This course explores the intellectual history of Jews and Muslims and the intersections of their philosophical, theological, literary and religious cultures and traditions from late antiquity to modern times. In particular, the course is interested in philosophical fictions that stage inter-religious dialogues, thought experiments, creative imaginings and visions to explore fundamental questions about human experience, knowledge, the cosmos, salvation and earthly history, the relationships to animals and nature, and divine truth.  It will involve close reading of such texts ranging from scripture/exegetical tracts to mystical treatises, polemical disputes, and philosophical dialogues, while appreciating the contexts and spaces of Jewish-Muslim thought in the learned circles of cities like Baghdad and Berlin, Cairo and Cordoba,  Palermo and Paris, and of course Jerusalem. Seminar discussion in our collaborative study will be crucial and depend upon short writing assignments. There will also be the opportunity to explore a sustained problem or issue historically and philosophically in a final project.

Course Materials and Resources:

The following books are available for purchase at the Queen’s University bookstore and/or through the Queen’s University Library:

Peter Adamson, Philosophy in the Islamic World, v. 3, A History of Philosophy without any Gaps (Oxford: Oxford University Press, 2016) Chapters of this work are available as audiobook episodes of History of Philosophy without Any Gaps Podcast, episodes 120-196.

Ibn Tufayl’s Hayy Ibn Yaqzan: A Philosophical Tale, tr. Lenn Evan Goodmann (Chicago: University of Chicago Press, 2003)

Kafka, The Complete Stories, ed. Nahum N. Glatzer (NY: Schocken Books, 1971)
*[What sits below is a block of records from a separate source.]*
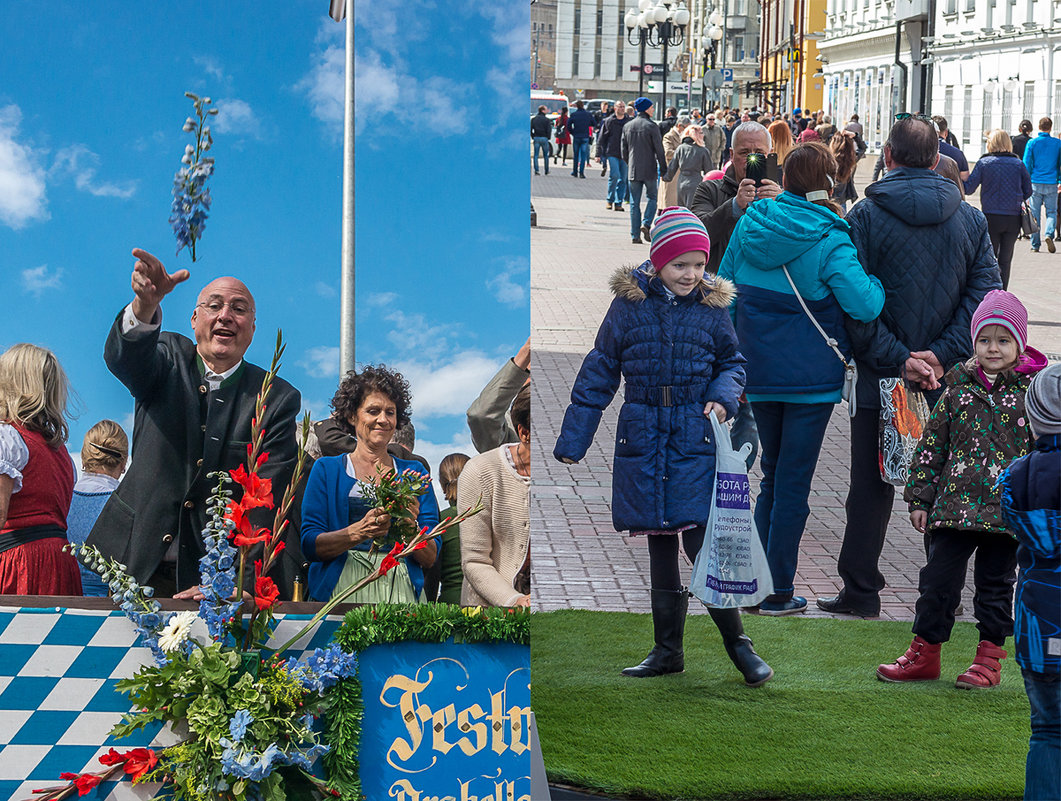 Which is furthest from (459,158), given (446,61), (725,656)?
(725,656)

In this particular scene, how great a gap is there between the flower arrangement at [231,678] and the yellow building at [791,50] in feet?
29.8

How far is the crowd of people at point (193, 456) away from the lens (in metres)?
3.46

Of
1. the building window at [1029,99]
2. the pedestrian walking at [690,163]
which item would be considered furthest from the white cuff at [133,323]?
the pedestrian walking at [690,163]

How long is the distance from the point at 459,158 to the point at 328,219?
0.37 metres

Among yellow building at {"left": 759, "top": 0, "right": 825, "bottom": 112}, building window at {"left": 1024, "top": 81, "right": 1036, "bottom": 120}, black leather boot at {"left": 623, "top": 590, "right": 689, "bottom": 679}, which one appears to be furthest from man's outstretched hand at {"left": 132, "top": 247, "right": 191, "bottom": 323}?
yellow building at {"left": 759, "top": 0, "right": 825, "bottom": 112}

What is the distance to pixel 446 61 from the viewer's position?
3490mm

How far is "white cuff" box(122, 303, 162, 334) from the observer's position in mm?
3434

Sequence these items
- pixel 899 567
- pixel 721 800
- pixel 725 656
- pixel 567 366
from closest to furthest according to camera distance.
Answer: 1. pixel 721 800
2. pixel 725 656
3. pixel 899 567
4. pixel 567 366

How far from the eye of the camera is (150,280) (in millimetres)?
3410

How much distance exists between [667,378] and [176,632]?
2078 mm

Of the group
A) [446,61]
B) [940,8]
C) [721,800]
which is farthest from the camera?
[940,8]

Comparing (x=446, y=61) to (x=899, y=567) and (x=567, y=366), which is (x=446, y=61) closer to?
(x=899, y=567)

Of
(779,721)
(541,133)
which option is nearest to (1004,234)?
(779,721)

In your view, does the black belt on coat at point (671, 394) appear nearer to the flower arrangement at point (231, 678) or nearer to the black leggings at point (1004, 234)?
the flower arrangement at point (231, 678) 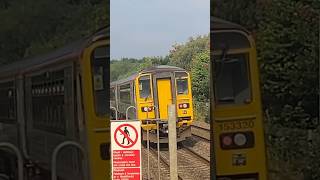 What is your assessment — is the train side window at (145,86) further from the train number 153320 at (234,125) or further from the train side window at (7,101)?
the train side window at (7,101)

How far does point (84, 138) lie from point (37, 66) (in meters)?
0.40

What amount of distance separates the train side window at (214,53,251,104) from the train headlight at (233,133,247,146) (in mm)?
160

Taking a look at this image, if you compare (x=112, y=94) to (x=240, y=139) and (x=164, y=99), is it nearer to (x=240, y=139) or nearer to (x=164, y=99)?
(x=164, y=99)

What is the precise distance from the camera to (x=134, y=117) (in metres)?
2.70

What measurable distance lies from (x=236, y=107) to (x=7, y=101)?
106 cm

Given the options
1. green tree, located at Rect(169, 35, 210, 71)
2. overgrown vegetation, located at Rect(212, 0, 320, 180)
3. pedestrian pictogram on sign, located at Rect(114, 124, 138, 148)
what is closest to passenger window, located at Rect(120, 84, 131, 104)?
pedestrian pictogram on sign, located at Rect(114, 124, 138, 148)

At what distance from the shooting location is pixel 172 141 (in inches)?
108

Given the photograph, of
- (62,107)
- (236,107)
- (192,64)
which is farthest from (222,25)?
(62,107)

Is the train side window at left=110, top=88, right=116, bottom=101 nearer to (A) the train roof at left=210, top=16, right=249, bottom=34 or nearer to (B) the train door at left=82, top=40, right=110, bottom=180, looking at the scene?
(B) the train door at left=82, top=40, right=110, bottom=180

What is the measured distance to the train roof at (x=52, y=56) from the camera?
2.75m

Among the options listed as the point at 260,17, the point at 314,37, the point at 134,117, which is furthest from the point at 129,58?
the point at 314,37

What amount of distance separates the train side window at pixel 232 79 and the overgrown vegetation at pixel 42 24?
2.00 feet

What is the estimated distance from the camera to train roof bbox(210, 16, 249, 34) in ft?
9.08

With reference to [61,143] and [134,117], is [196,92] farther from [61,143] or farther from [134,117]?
[61,143] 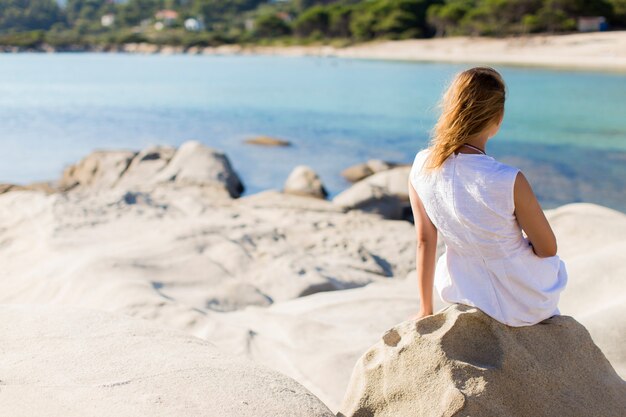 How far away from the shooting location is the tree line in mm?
56719

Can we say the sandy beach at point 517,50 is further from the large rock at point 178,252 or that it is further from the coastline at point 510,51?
the large rock at point 178,252

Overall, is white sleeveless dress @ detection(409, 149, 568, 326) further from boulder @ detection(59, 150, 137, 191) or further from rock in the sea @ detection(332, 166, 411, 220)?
boulder @ detection(59, 150, 137, 191)

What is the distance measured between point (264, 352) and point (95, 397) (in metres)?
1.81

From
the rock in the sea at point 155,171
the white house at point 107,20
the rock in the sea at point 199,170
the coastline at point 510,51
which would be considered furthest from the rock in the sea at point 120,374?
the white house at point 107,20

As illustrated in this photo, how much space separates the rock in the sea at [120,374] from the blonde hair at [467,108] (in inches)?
42.2

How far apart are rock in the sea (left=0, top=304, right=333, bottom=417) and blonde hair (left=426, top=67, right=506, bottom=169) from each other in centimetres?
107

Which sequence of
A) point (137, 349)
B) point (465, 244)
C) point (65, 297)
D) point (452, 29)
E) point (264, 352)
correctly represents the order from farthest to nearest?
point (452, 29), point (65, 297), point (264, 352), point (137, 349), point (465, 244)

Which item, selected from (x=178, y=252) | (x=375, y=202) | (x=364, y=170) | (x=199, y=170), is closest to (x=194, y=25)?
(x=364, y=170)

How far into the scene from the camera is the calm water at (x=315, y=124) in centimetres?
1404

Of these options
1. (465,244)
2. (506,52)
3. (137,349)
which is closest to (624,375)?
(465,244)

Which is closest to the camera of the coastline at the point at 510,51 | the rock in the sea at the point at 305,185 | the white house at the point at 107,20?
the rock in the sea at the point at 305,185

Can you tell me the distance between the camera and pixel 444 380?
2502 mm

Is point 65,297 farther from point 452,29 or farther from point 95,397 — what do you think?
point 452,29

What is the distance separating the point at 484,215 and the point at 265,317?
99.5 inches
Syllabus and reading materials can be found in the #files Discord channel.

Course Timeline

Note: subject to revision!

Weeks Lecture Topics Readings
Week 1 January 22 Introduction, how to read a parable Will be provided in class
Week 2 Jan 28 Free Thinkers: Philosophy and Prophetic Religion Author: Al-Farabi

Adamson, p. 3-76, 91-97, 113-139

Al Farabi, The Attainment of Happiness, Al-Farabi’s Philosophy of Plato and Aristotle, tr. Muhsin Mahdi (NY: MacMillan, 1962), p. 41-50 (section 4).

Week 3 Feb 5 07:00pm Free Thinkers: Philosophy and Prophetic Religion Author: Ibn Sina

Avicenna (Ibn Sina), On the Soul: The Floating Man, various excerpts (c. 1020-1037).

Al-Samaw’al al-Maghribi, Silencing the Jews, ed. Tr. M. Perlmann, Proceedings of the American Academy for Jewish Research 32 (1964), p. 74-88. (autobiographical conversion narrative)

Recommended: Full text of al-Maghribi’s Silencing the Jews

Adnan A. Husain, Conversion to History: Negating Exile and Messianism in Samaw’al al-Maghribi’s Polemic against Judaism, Medieval Encounters 8/1 (2002), p. 3-34

Michael Marmura, Avicenna’s Flying Man in Context, The Monist 69/3 (July, 1986), p. 383-395

Week 4 February 12 Law and the problem of reason: Al-Ghazali’s Synthesis

Adamson, p. 106-112, 140-153

Kafka Before the Law (in Collected Stories, p. 3-4)

Oven of Achnai

Al-Ghazali The Deliverance from Error, Freedom and Fulfillment, tr. Richard J. McCarthy (Boston: American University of Beirut, 1980)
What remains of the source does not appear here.